Magic Rescue might not work on badly fragmented filesystems if it can only find the first chunk of a file; however, even then, it might be able to identify a file type for recovery, as long as the chunk is large enough to contain the complete magic byte.
Running Magic Rescue
Magic Rescue works on filesystems so you might need to run fdisk -l
to see a list of devices (Figure 2). You might also want to try running Magic Rescue on a damaged filesystem, which may not display. If you are working with a damaged filesystem, you should also run:
hdparm -d 1 -c 1 -u 1 /dev/DEVICE
This command retrieves basic information about the drive that can help Magic Rescue work with it and possibly decrease the run time.

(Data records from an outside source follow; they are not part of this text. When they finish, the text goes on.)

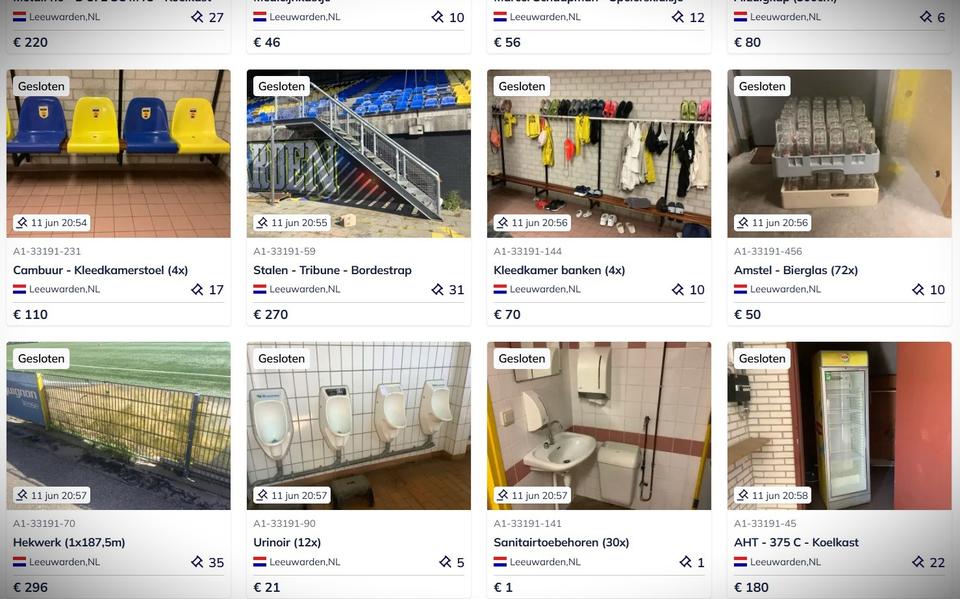 Verkochte Cambuurspullen op veilingsite Troostwijk Auctions.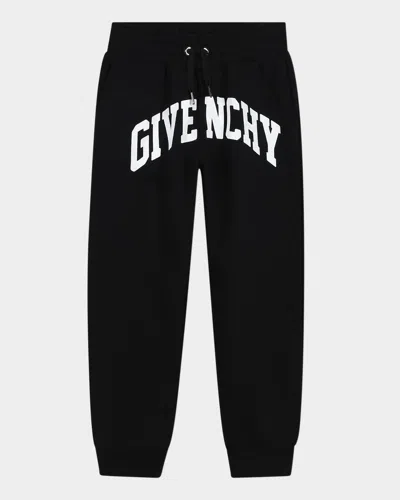Givenchy Kid's Logo-print Fleece Sweatpants In Black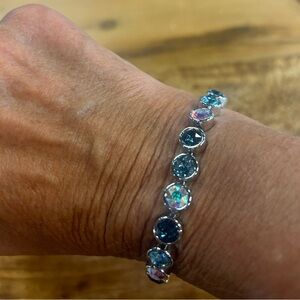Touchstone Crystal Sky Ice Bracelet - small 6 1/2” Aquamarine Rhodium plating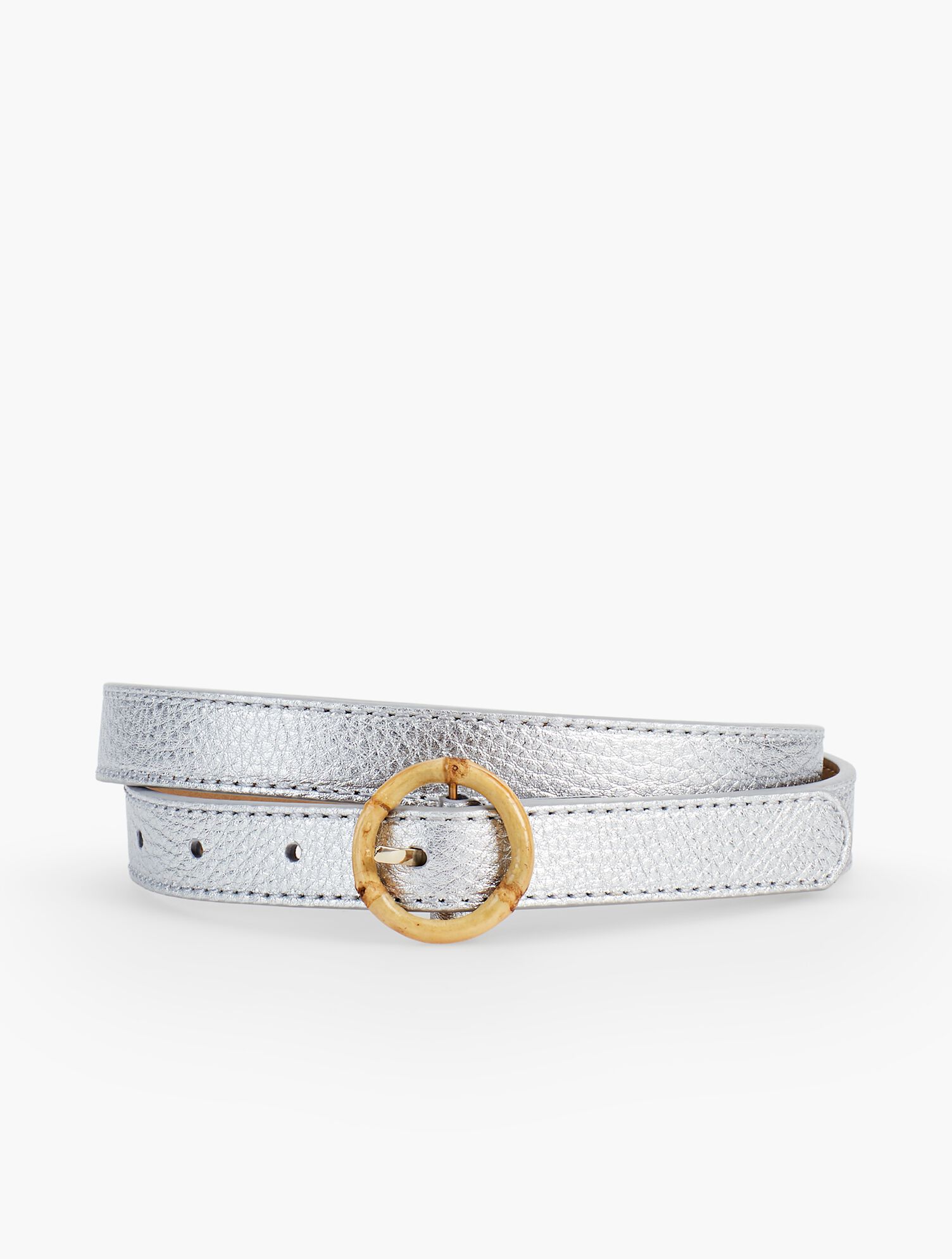 Bamboo-Buckled Pebble Leather Belt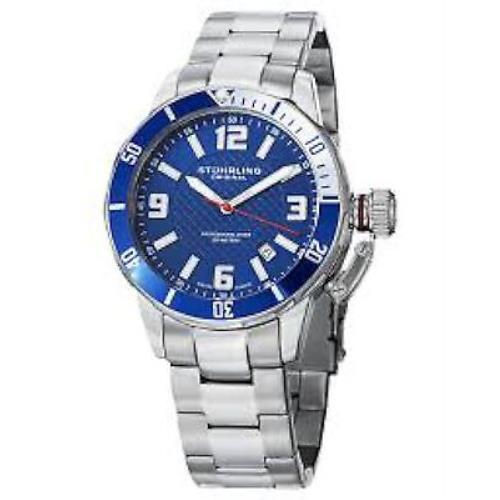 Stuhrling Original 676.02SET Men`s Aquadiver Blue Accented Quartz Watch Set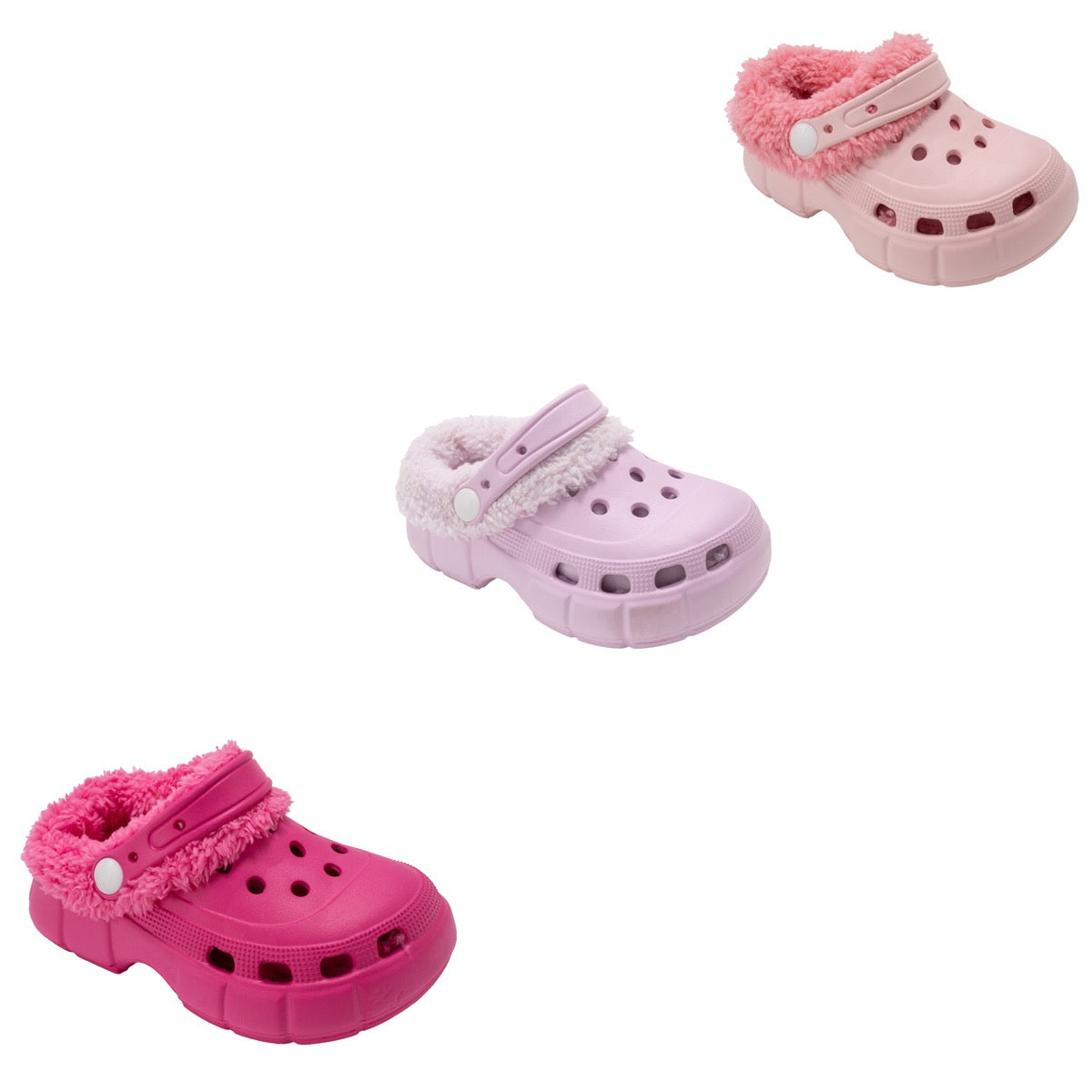 Toddler Girl's Platform EVA Clogs w/ Faux Fur Lining - Choose Your Color(s)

The number of deleted files of a popular type can add up quickly on a filesystem that has been used actively for several years, so you should create a recovery directory on a filesystem with plenty of free space. The directory should not be on the filesystem from which Magic Rescue is trying to extract files, because the result can be an infinite loop as Magic Rescue continually finds an output file and creates a duplicate of it.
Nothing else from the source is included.